WORK REQUIRED:
Would you restate every entry below word for word? Leave out the pictures.

Captioned web image data:
+-------+
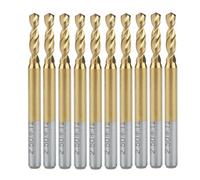 10 pcs Titane Nitrure Enduit Carbure PCB CNC Forets Routeur 2.5mm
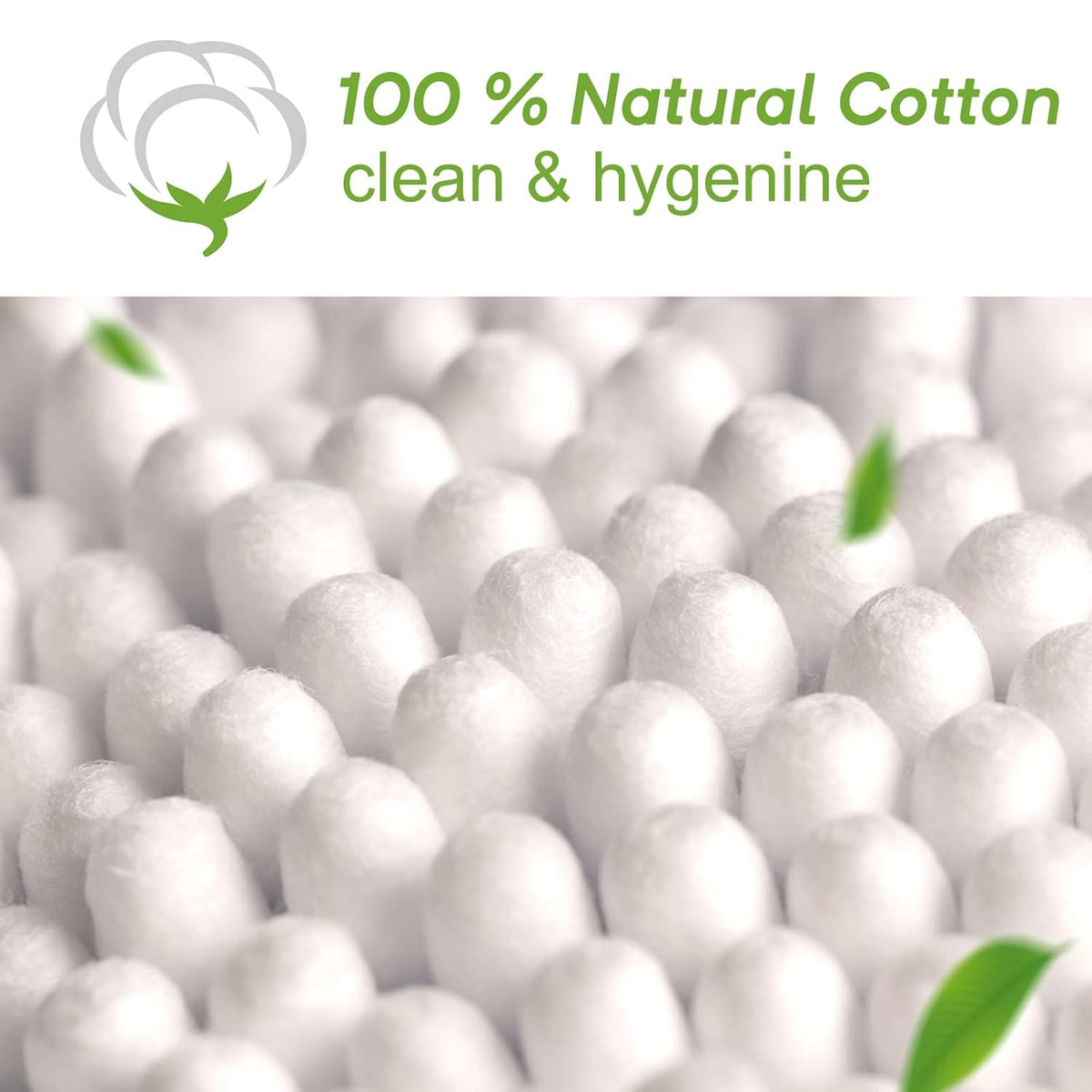 800 Count Bamboo Cotton Swabs - Natural Organic Cotton Buds with Double Tips, Hypoallergenic, Biodegradable Swabs for Ear Cleaning, Beauty & Personal Care, Makeup, Pet Care, Crafts
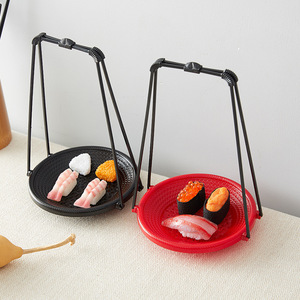 Plateau de service double épée en forme d'oiseau, plateau à fruits et sushis, panier alimentaire pour hôtel et restaurant, plat de collation de cuisine japonaise - Product Image 1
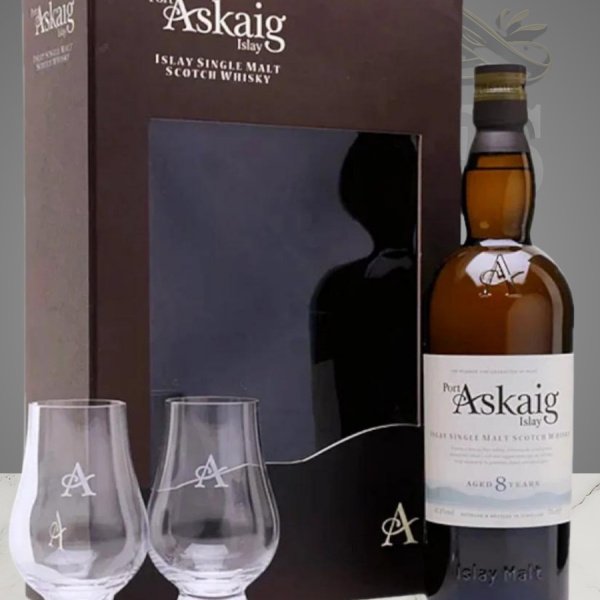 PORT ASKAIG 8Y + DUAS GLENCAIRN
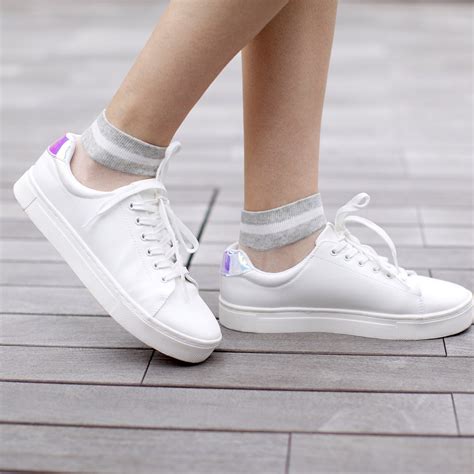 Sheer See Through Ankle Socks With Striped Cuff Adidas Shoes Women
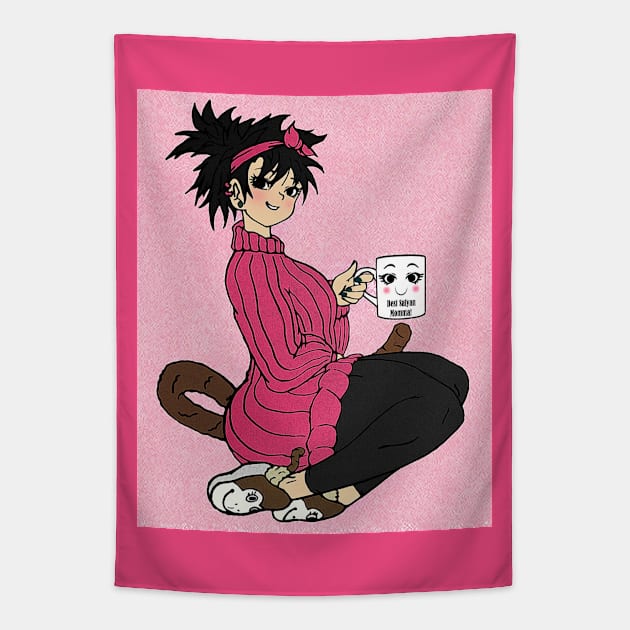 Best Saiyan Mamma Pink Tapestry by TeeJay93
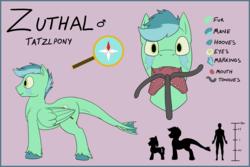 Size: 3000x2000 | Tagged: safe, artist:theandymac, oc, oc only, oc:zuthal, monster pony, original species, tatzlpony, cutie mark, high res, mawshot, no source available, open mouth, reference sheet, size comparison, tentacle tongue, tentacles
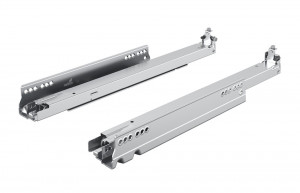 K-HETTICH Actro 5D skrytý celovýsuv, 520mm/40kg, sada pro 16mm, spojky, SiSy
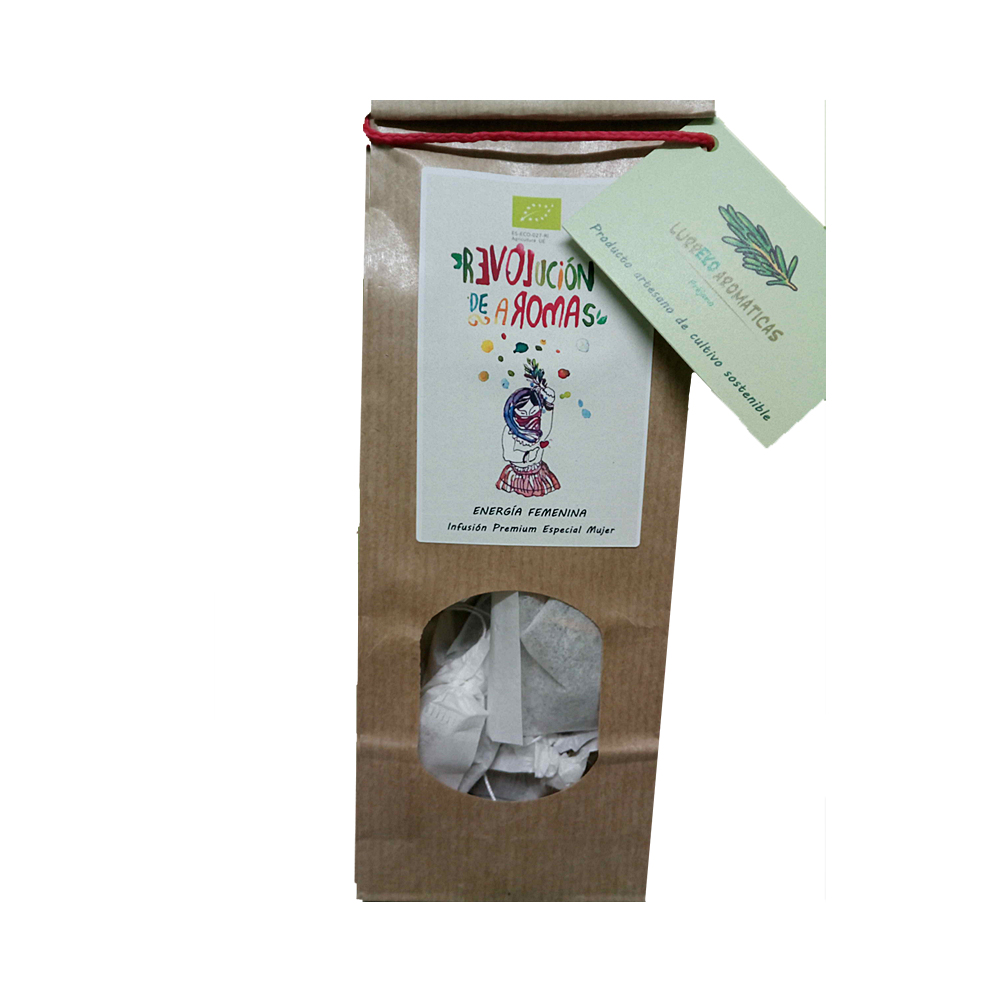 Infusión ecológica artesana energía femenina 10u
+-------+
RESPONSE TO THE EXERCISE:
 10 pcs Titane Nitrure Enduit Carbure PCB CNC Forets Routeur 2.5mm
 800 Count Bamboo Cotton Swabs - Natural Organic Cotton Buds with Double Tips, Hypoallergenic, Biodegradable Swabs for Ear Cleaning, Beauty & Personal Care, Makeup, Pet Care, Crafts
 Plateau de service double épée en forme d'oiseau, plateau à fruits et sushis, panier alimentaire pour hôtel et restaurant, plat de collation de cuisine japonaise - Product Image 1
 PORT ASKAIG 8Y + DUAS GLENCAIRN
 Sheer See Through Ankle Socks With Striped Cuff Adidas Shoes Women
 Best Saiyan Mamma Pink Tapestry by TeeJay93
 Size: 3000x2000 | Tagged: safe, artist:theandymac, oc, oc only, oc:zuthal, monster pony, original species, tatzlpony, cutie mark, high res, mawshot, no source available, open mouth, reference sheet, size comparison, tentacle tongue, tentacles
 K-HETTICH Actro 5D skrytý celovýsuv, 520mm/40kg, sada pro 16mm, spojky, SiSy
 Infusión ecológica artesana energía femenina 10u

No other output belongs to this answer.